There is only one thing that all people are seeking. That is a good fate, meaning happiness. How, then, can we attain happiness? There is probably no greater issue than knowing the mechanism of fate. The principle that makes it clear that our fate (happiness or unhappiness) is decided by our deeds is the Law of Cause and Effect, which is the foundation of Buddhism.
Good causes produce good effects: If you plant good seeds (do good deeds),
you will harvest good fruits (happiness)
Bad causes produce bad effects: If you plant bad seeds (do bad deeds),
you will harvest bad fruits (unhappiness)
Own causes produce own effects: It is the seeds that you plant (your own deeds)
that bring about the results that appear to you, whether happiness or unhappiness
It is taught that the fate you reap comes entirely from what you have sown; your own deeds are what create your fate. This is by no means a rule that only applies while you are living. The Law of Cause and Effect is a truth that runs through the three worlds, meaning it applies to the time before you were born (your past lives), to the life you are living now (your present life), and to the time after your death (your future lives). It is therefore called “The Law of Cause and Effect of the Three Worlds”.
There are probably people who cannot accept the existence of past lives, but the fact that you were born in this era and in your particular country of origin is a result. Had you been born in a country where terrorist attacks are a common occurrence, you might well have been abducted or killed in a massacre by now. Each of the seven billion people in this world was born at a different time, in a different place, with their own unique appearance as well as their own set of talents. The reason why all of these results were different is that each person had planted different seeds in their past lives, before they were born.

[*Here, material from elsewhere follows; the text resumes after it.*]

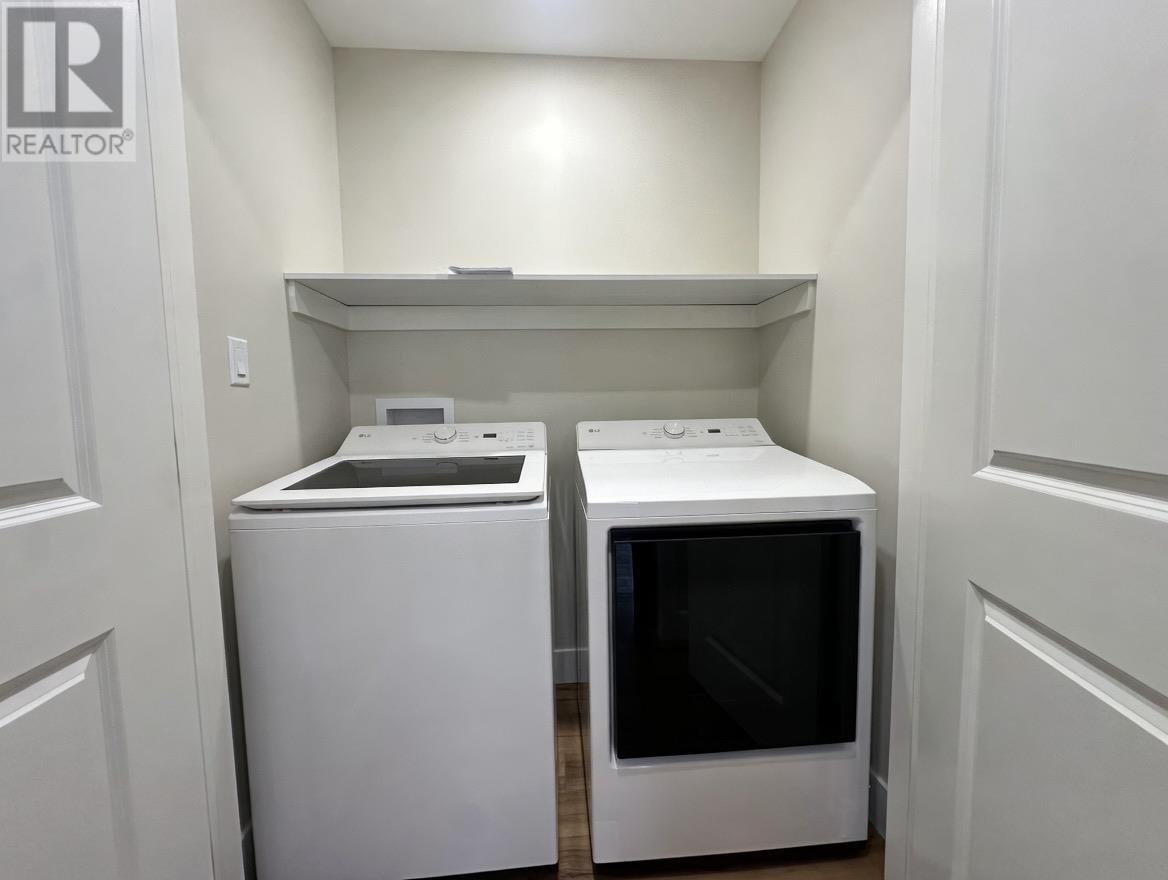 15 Norman Drive, East Royalty, Prince Edward Island  C1C 1E9 - Photo 17 - 202605467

We don’t even remember what we were doing this time last year, so of course, there is no-one who remembers the deeds they did in their past lives. Even so, Śākyamuni Buddha taught, “If you desire to know the seeds of the past, look at the results of the present.” This means that if we look at the results we are receiving in this present life, we can know what kind of seeds we planted in our past lives.
If radishes have grown in your field, you obviously must have planted radish seeds, even if you do not remember doing so. Seeds not sown will never grow. If a person is fortunate in their present life, it is because they did good deeds in their past lives; if, on the other hand, they are experiencing a succession of misfortune, it is because they have planted a succession of bad seeds. After all, only seeds that have been planted will grow.
Since it is too late to change the past, that which we want to know the most is what our fate will be like in the future. Despite society’s insistence on the importance of rationality, this is the reason why so many people turn to fortune-telling: they are worried about what tomorrow will bring, wondering if they might fall ill or be involved in an accident.
What is going to happen to us after death? What should we do in order to know the results we will reap in the future? Śākyamuni’s answer is this: “If you desire to know the results of the future, look at the seeds of the present.” Seeds sown will never fail to grow. If you look at the seeds you are planting in your present life, you will know what kind of results you will receive in the future.
There are those who do not acknowledge the existence of future lives and think, “It doesn’t matter how many people I kill, because I’m going to be given the death penalty anyway.” They then allow themselves to commit as many heinous acts as they wish. Such people must think that it won’t make a difference whether they kill one person or ten people. The matter will be over and done with, they think, when they receive the death penalty once in this life. One might shrug, “Well, that can’t be helped.” If one can accept this, however, one must also say, “It can’t be helped” when one receives one day’s pay despite working for ten days.
To think it fine that the result of ten acts of killing could be the same result that would come from one act of killing while also believing that someone who works ten days should receive ten times the salary of someone who works one day goes completely against the Law of Cause and Effect. The assertion that there is no future life is based on one’s own convenience, which is not in accordance with the truth.
“Due to the Law of Cause and Effect, there is no denying the existence of an afterlife.” (Śākyamuni Buddha)
Seeds sown will grow without fail, so even if the results of the seeds you plant in your present life do not appear to you within this lifetime, they will beyond any doubt appear to you in a future life. Those who believe this solemn Law of Cause and Effect of the Three Worlds are true Buddhists.